De la bonne gestion de l’approvisionnement !

L’intendant a une fonction stratégique dans le camp : il entretient le moral des jeunes. Bien manger, c’est bien se porter. Après une journée sous la pluie, apporter un repas de fête, c’est éclairer la journée entière. Mais inversement, le camp peut être le plus génial du monde, mais si l’on y mange mal, le moral pourra tomber à zéro.

Un autre rôle, non des moindres, est de faire découvrir autre chose aux jeunes, des goûts inédits, leur faire prendre goût à la bonne nourriture variée.

Et puis dans le même temps, il faut manger équilibré, adapté à l’activité, dans le respect du budget du camp.

Dure responsabilité, mais voici quelques pistes pour t’aider à bien approvisionner le lieu du camp !

Choisir le supermarché

Je te le conseille à proximité directe du lieu de camp, pas trop grand, et pas trop petit. Pas trop grand pour ne pas passer une heure par course, pas trop petit pour cependant avoir la quantité. Les Supermarché U et les Carrefour Market sont déjà largement assez grands.

Ouvrir un compte

À ton arrivée, en tenue bien sûr, demande directement à ouvrir un compte. Pour cela, prévois ton chéquier et des papiers sérieux — l’autorisation de signature, par exemple. Cette ouverture de compte te permet de créer une relation avec le magasin : « Bonjour, je suis chef scout. On campe ici pour deux semaines avec 25 jeunes et cinq chefs. On va faire les courses tous les jours, peut-on ouvrir un compte ? ».

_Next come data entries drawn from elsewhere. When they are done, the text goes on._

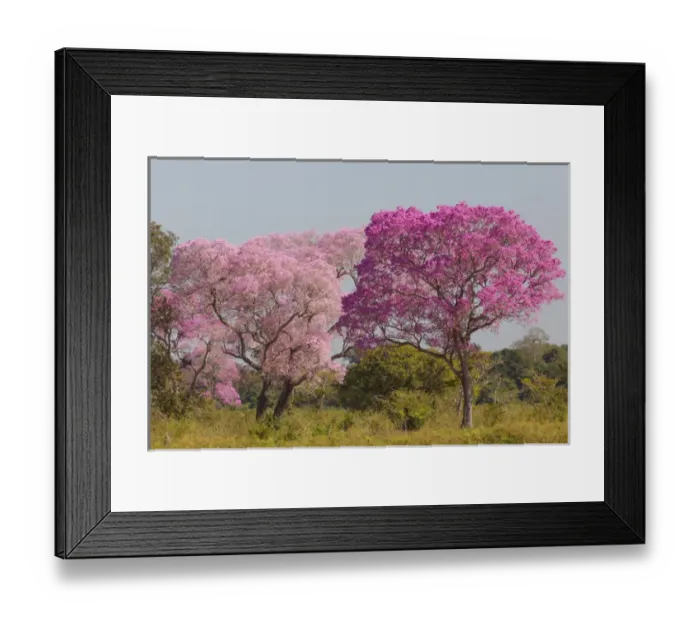 Framed Print : South America, Brazil, Mato Grosso, The Pantanal, pink ipe trees, (Tabebuia impetiginosa) Framed Print : South America, Brazil, Mato Grosso, The Pantanal, pink ipe trees, (Tabebuia impetiginosa)
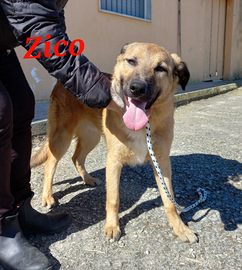 Zico da adottare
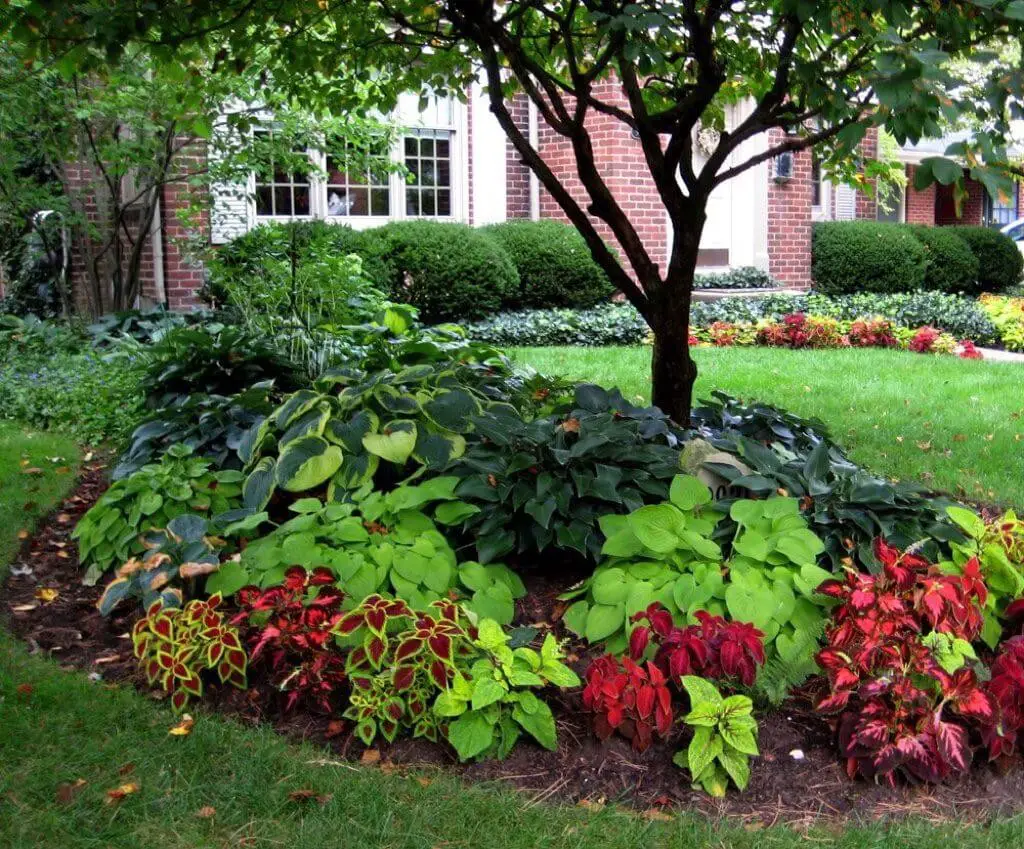 Coleus and Hosta Beds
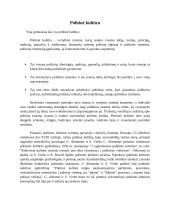 Politinės kultūros tipologija 3 puslapis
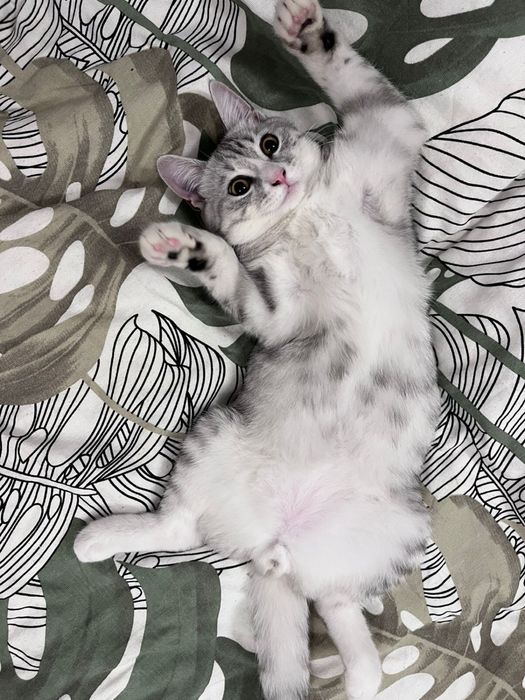 Отдам кота в хорошие руки
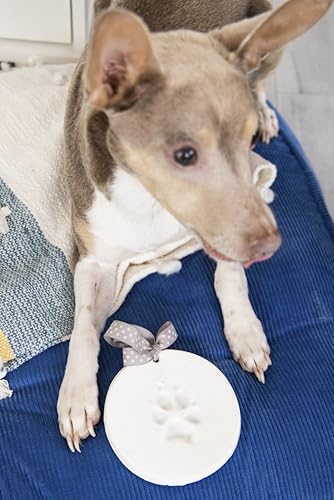 Pearhead Pet Paw Print Keepsake Kit - DIY Hanging Clay Keepsake for Dogs & Cats, Easy Air-Dry Clay, No-Mess, Perfect for New Pet Owners and Memorial, Personalized Pawprint Gift, Gray Ribbons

Cette opération est à renouveler avec le boulanger.

Être sympa avec les gens du magasin

À l’occasion, discute avec le responsable que tu rencontres : « Je vais peut-être vous lister les éléments que je veux acheter en quantité, afin d’éviter de faire des trous dans vos rayons », la pire crainte d’un chef de rayon. Pose aussi des questions comme « Quelles sont vos promos fruits et légumes à venir ? », les dates des promos sont connues en avance par le magasin. Bref, installe un échange, qui fait que tu ne seras pas vu comme un client lambda, mais comme un intendant cool qui cherche à nourrir au mieux ses jeunes. Tu verras, ça va te faciliter la vie pendant toute ta mission ! Ainsi, j’ai vu un magasin aller chercher, dans la journée, auprès d’autres magasins, les paquets de saucisses que j’avais commandés, proposer de me prendre du pain frais tous les matins avant l’ouverture du magasin, ou négocier pour nous un agneau pour le repas festif !

Les premières courses

Pense à bien faire le plein de tout ce qui est fond d’intendance et petits déjeuners. Surtout, petite astuce, prévois un « plat de secours ». En cas de ratage magistral, de chute vertigineuse des légumes au sol, il te faut une sécurité. Pour ma part, c’est une bonne réserve de pâtes, de quoi tenir un repas, avec du coulis de tomate en boîte. Un plat simple que l’on peut sortir à tout moment !

Optimiser le panier

Prendre le moins cher tout le temps est mal et surtout, souvent mauvais. Alors voici quelques astuces :

  • Ne soit pas borné sur tes menus : il y a de très bonnes occasions à saisir sur les produits frais en promo !
  • Panache premiers prix pour des produits sans grand enjeu en camp (farine, pâtes…) et meilleure qualité pour d’autres (huile d’olive, Nutella…).
  • Évite les conserves de plats cuisinés, tellement plus chers que des faits maison ! Apprendre à faire à manger, ça fait partie du camp.
  • Ose la différence : le poisson peut être moins cher que la viande, et la viande n’est pas obligatoire à chaque repas.
  • Prend conseil auprès du magasin : ils connaissent tous les produits par cœur et ont souvent de très bonnes idées ! « Bonjour, je voudrais trente poissons à faire en papillote, mais je voudrais que ça ne nous coûte pas trop cher quand même ». Paf, tu verras que c’est possible !

Des menus colorés

Colorés par la variété, colorés aussi et surtout par la couleur.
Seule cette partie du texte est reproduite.